Friday, May 13, 2005

Nickel and Dimed to Death

It looks like the next console generations from Sony and Microsoft are including as a key feature the ability to kill you two ways: by having the monster bash you until you run out of hit points, or to kill you - the player - by nickel and dime-ing you to death. That's right - microtransactions built right into your game console! Hey, for just ninety-nine cents, you can upgrade your sword. Oh, for another ninety-nine, you can beef up your armor. Oh, that boss monster still to tough for you? Perhaps you'd be interested in a couple of healing potions - only fifty cents a pop.

An article over at Grimwell Online points out the perils of this plan:
When the game becomes nothing more than a tool to drive more money to the shareholders, it's quickly able to shed all vestiges of a game.
He correctly points out that there is great temptation now for the executive producers to demand games that are little more than vehicles to prompt people to buy in-game content - and indeed, to hold back the best content for the highest-paying customers.
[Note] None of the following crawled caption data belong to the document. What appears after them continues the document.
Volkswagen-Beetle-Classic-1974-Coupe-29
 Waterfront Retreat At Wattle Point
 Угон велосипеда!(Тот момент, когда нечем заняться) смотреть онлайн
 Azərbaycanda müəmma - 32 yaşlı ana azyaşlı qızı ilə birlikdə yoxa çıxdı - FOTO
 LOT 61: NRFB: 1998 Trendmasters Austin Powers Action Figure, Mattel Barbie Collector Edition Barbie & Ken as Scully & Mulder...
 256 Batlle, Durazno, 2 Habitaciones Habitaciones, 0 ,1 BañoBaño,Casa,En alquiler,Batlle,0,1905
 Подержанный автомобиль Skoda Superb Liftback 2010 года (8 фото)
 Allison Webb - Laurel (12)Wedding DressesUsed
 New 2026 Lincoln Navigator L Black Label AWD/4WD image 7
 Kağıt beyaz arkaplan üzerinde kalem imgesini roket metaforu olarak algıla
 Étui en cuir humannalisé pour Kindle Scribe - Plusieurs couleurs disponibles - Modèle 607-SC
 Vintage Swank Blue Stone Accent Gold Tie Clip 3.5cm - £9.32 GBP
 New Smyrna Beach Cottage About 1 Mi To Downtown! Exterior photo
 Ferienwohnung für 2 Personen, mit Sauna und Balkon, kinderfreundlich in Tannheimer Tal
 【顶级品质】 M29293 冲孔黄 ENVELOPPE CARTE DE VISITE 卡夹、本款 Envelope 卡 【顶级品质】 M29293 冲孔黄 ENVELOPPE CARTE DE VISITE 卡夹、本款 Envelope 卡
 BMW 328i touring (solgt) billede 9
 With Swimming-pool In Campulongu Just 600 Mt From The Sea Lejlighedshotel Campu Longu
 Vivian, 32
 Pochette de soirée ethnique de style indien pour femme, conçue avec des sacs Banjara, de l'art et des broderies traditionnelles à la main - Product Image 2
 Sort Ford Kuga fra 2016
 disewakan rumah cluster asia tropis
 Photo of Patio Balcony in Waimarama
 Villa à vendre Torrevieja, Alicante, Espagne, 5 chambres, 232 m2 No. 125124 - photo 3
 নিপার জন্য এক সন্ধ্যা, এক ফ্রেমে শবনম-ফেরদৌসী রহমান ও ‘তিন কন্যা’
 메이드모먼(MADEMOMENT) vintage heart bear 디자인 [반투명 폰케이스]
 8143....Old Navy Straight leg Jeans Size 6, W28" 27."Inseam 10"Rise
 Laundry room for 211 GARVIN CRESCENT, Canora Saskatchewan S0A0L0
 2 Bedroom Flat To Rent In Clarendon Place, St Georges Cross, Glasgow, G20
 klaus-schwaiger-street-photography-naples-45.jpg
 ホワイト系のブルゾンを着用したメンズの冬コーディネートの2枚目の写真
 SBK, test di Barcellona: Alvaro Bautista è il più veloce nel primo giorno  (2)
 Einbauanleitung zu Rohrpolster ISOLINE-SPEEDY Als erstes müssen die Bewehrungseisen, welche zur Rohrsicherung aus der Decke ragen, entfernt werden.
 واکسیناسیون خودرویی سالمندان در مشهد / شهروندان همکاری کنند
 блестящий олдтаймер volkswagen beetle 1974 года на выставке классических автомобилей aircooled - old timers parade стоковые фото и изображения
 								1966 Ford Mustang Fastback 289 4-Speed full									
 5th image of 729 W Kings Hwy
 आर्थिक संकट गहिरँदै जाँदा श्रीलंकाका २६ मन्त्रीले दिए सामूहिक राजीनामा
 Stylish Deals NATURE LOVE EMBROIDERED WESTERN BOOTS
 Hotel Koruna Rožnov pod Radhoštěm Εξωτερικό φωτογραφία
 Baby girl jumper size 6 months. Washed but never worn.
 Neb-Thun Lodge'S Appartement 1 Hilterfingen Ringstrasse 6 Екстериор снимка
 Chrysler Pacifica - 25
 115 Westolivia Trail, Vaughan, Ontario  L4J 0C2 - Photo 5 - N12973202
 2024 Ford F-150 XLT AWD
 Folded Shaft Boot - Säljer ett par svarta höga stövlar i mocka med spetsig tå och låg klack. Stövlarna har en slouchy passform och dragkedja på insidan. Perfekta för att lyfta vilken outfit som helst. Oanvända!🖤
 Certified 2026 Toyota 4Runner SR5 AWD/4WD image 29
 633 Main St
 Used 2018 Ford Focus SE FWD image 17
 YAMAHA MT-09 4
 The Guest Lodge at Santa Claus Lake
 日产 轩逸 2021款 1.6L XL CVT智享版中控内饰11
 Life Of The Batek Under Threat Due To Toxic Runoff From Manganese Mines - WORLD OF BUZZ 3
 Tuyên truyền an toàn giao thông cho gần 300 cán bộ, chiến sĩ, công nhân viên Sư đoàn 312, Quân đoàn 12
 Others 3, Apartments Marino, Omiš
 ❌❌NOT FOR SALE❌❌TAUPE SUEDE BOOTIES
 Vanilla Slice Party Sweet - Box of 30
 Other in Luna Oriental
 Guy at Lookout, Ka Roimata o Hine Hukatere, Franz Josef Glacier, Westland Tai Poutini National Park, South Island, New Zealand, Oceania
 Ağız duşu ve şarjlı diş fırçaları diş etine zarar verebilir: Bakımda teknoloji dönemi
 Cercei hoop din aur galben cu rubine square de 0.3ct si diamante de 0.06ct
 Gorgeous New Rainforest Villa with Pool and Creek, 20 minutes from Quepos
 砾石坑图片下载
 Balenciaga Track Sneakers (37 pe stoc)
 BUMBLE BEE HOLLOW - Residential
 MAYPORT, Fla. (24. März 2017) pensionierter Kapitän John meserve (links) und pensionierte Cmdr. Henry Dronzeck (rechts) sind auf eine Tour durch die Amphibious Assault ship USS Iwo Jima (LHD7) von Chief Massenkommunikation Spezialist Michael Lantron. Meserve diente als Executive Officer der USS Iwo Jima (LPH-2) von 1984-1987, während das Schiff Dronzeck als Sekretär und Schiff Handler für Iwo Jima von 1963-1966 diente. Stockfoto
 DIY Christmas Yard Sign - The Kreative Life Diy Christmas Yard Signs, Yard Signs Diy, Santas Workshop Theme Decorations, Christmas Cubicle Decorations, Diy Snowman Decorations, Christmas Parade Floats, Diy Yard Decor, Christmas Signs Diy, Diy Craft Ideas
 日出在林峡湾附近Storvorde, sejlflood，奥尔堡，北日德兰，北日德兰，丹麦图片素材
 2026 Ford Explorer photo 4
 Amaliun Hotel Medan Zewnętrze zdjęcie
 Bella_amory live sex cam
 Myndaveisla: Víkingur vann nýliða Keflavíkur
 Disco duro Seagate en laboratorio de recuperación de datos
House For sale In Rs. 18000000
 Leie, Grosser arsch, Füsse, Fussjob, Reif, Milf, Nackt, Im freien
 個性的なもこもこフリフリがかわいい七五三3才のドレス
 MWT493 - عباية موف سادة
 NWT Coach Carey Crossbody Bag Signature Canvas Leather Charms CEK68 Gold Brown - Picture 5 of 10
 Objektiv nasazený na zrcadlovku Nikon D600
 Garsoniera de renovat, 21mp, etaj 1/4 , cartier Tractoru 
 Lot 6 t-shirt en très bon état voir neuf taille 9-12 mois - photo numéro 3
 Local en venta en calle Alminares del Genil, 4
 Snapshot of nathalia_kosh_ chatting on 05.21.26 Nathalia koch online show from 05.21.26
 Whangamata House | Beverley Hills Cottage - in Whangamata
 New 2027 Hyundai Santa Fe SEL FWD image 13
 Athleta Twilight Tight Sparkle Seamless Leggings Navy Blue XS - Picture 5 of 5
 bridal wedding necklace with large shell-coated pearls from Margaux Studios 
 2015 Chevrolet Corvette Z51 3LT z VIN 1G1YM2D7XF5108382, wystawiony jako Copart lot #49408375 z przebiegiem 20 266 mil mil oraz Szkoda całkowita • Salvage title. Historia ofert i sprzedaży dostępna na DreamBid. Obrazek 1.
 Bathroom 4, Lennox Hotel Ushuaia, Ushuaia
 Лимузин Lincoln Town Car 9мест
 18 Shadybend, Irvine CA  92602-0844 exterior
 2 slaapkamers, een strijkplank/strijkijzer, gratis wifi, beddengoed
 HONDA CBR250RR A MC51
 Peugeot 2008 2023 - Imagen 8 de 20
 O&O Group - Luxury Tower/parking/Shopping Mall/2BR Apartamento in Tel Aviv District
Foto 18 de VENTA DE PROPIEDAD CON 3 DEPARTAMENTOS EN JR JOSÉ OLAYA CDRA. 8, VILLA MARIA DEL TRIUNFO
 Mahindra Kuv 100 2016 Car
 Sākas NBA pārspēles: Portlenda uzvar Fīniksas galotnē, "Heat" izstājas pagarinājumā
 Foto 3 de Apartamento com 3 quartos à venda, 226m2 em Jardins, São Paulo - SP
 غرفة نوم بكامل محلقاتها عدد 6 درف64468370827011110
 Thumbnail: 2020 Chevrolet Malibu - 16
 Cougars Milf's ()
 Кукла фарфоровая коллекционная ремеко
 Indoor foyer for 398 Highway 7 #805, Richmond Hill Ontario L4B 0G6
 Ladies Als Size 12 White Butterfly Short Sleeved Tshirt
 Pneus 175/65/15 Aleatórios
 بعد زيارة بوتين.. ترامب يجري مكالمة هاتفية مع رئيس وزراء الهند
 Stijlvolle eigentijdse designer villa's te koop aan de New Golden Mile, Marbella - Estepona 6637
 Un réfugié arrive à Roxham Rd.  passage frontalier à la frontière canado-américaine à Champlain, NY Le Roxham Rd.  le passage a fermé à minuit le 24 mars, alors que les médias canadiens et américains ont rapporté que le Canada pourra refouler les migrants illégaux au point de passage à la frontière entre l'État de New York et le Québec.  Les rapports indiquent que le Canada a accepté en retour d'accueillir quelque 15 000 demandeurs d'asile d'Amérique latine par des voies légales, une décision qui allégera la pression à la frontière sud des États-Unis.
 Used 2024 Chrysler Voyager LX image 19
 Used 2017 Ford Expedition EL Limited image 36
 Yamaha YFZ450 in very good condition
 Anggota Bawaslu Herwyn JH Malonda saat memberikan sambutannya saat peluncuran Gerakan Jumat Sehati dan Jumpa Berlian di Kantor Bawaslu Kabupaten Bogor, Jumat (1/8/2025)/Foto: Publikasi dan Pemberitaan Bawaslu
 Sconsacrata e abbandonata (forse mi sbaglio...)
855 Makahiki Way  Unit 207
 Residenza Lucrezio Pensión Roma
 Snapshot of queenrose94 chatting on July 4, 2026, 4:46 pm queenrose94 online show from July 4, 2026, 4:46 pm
And what does this mean for educational games? Well, first, it means that the commercial gulf between the emerging "Hollywood" game development culture and educational games is widening further. Not only can educational game titles not compete on the graphics and depth of media against the AAA titles, but now, they'll have to compete against games that make money not only on the initial purchase (which already tends to be steeper than educational games), but continue making money after the sale.

Probably not much educational titles can do to encourage micropayment competition against entertainment titles, although I could see a devious model which allows the hapless student to pay fifty cents to skip over the boring educational parts of games to get to the fun parts. Heh.